How to make Writer’s Compost?
First Step:
Write continuously in a journal every day and anywhere.
I constantly write descriptions of places I find myself in including the noises and feelings I have when I am silent. I love capturing the snippets of dialogue I hear too. Although some can be alarming if you don’t know the context from which they are spoken. I kid you not, but I’ve heard and seen crazy stuff on buses.
Three years ago when I travelled on a bus to visit someone at hospital, I heard two teenage girls share their phone with a random guy . He said his phone was out of battery. He wanted to ring his mate so he could meet him at the bus top. In his conversation to his mate he asked if his weed stash was ready! At first, I thought he was joking and perhaps he was but when he got off, I made sure the girl’s blocked the phone number he dialled and to contact the police. I was shocked at the time but later realised what a great beginning to a plot it was.
Second Step:
Take a leaf from Earnest Hemingway’s book of writing practice. He was a great believer of the ‘steal and collect great lines from anywhere’. Nothing is ever original.
After reading anything or seeing a movie or even the news I capture the lines and the emotions of the people involved as well as my own. The news stories especially from around the world can feel more unbelievable than movies.
Third Step:
When I’m feeling a writing block coming on or am distracted, I rewrite purposes for daily objects, like the seagull Scuttle did in Disney’s Ariel where he describes a fork as a “dinglehopper”. I have repurposed my vintage telephone to be a shower head in one of my piles of compost.
Compost all this writing in your journals. I have columns of writing journals dating from 1991!
How does the compost help you with your writing block?
Well, when you are in the throes of writing, your mind expertly rummages through the pile of dribble and rubbish you have written in your compost and hey presto a real quality piece emerges from nowhere.
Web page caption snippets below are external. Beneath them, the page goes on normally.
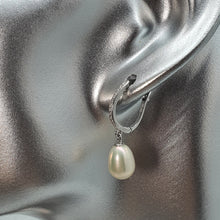 Load image into Gallery viewer, Freshwater Drop Pearl Earrings, Sterling Silver
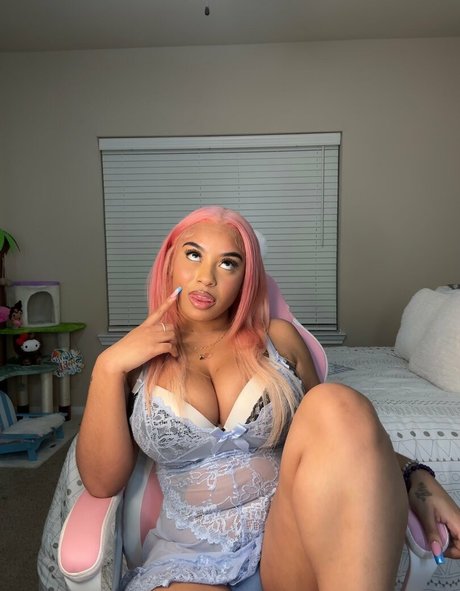 milkmamijasfree onlyfans leaked pics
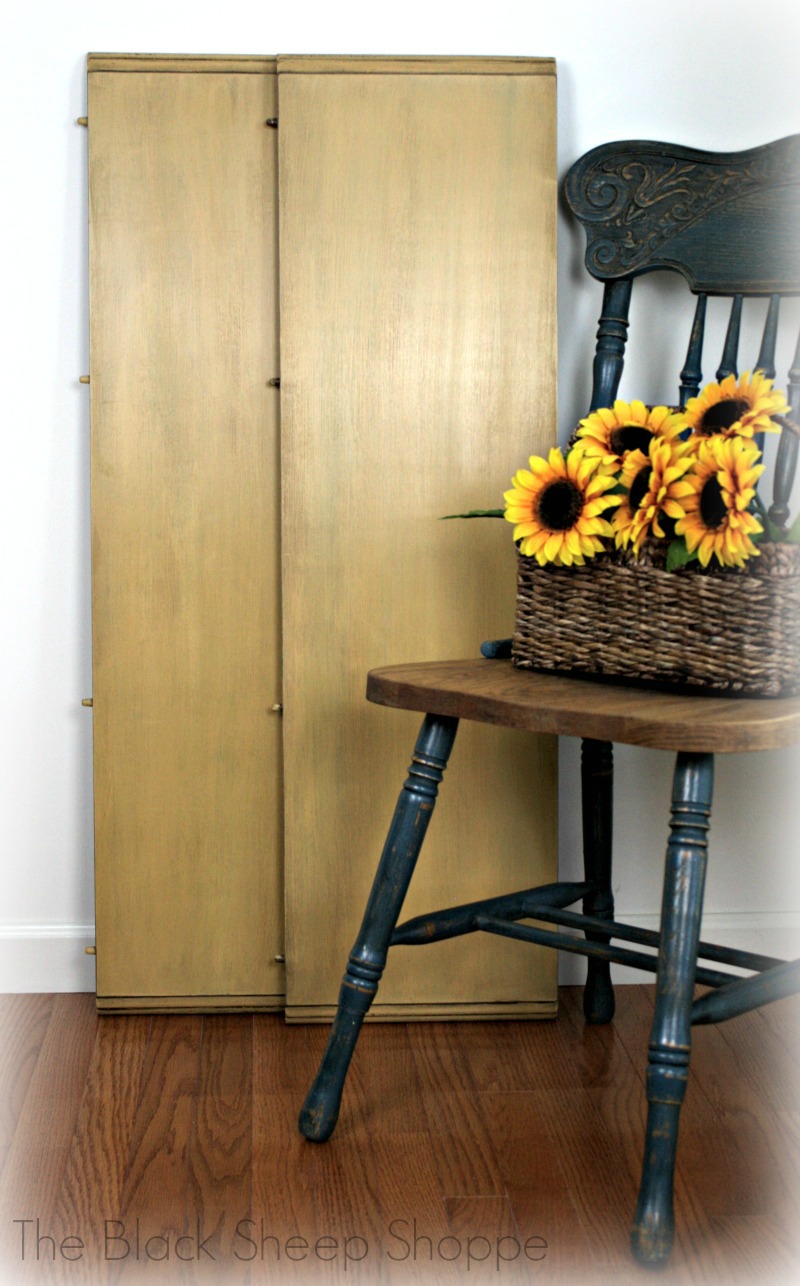 The set also includes two leaves for the table. The set also includes two leaves for the table.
If your automated mind doesn’t do this which mine sometimes doesn’t, I then physically rummage through my journal compost and find the nuggets.
The magic and beauty of your Compost
- Imagine you are in a happy mood and you are feeling love for everything. However, you discover you are meant to be writing about the inner thinking of your villain! Fear not! This is when the magic of your compost works best. This is when your subconscious automation or your digging through your journals helps you retrieve the gems of melancholy or anything you have heard, seen and read before.
- My compost allows me to often write about things I don’t come across in my own life.
- For example, a radio news bulletin about a murderer masquerading as a taxi driver whilst I was actually taking a taxi ride to the same spot where he murdered his latest victim, presented me with the first few chapters of River Rule. I still get tingles about that.
- I’ve used the decomposed mixture of teenage angst from my earlier teenage and early twenties writings and from the letters my friends at the time sent to me. Thus, giving authenticity to Una and Avi’s emotions and angst.
- Remember composting works even if you haven’t written a journal.
- You see, our overactive sensory organs are continuously dumping a load of information into our sub consciousness. During our daily writing practice our creative mind often shifts through this resource. And BAM! From nowhere meaty plots, characters and rich dialogue write themselves.
Guess what?
Earnest Hemingway must have used his compost heap when he wrote about Michigan while sitting in a cafe in Paris.
This very sort of composting first brought River Rule alive when I instinctively drew a scene on the whiteboard to demonstrate how drawings can help write a climax. I was shocked that I had drawn a bridge and landscape I had seen thirty years ago. A month later the climax resurfaced whilst I was sitting at my dining table in the outskirts of London.
Alas! Today the jungle in the River Rule series is no more and a housing estate has been built where it stood. The jungle and the tribesmen sadly only exists in my books and on my compost heap.
So, on that very note before I pen off, I urge you to keep places like that alive and pick your pen or keyboard up and GET COMPOSTING!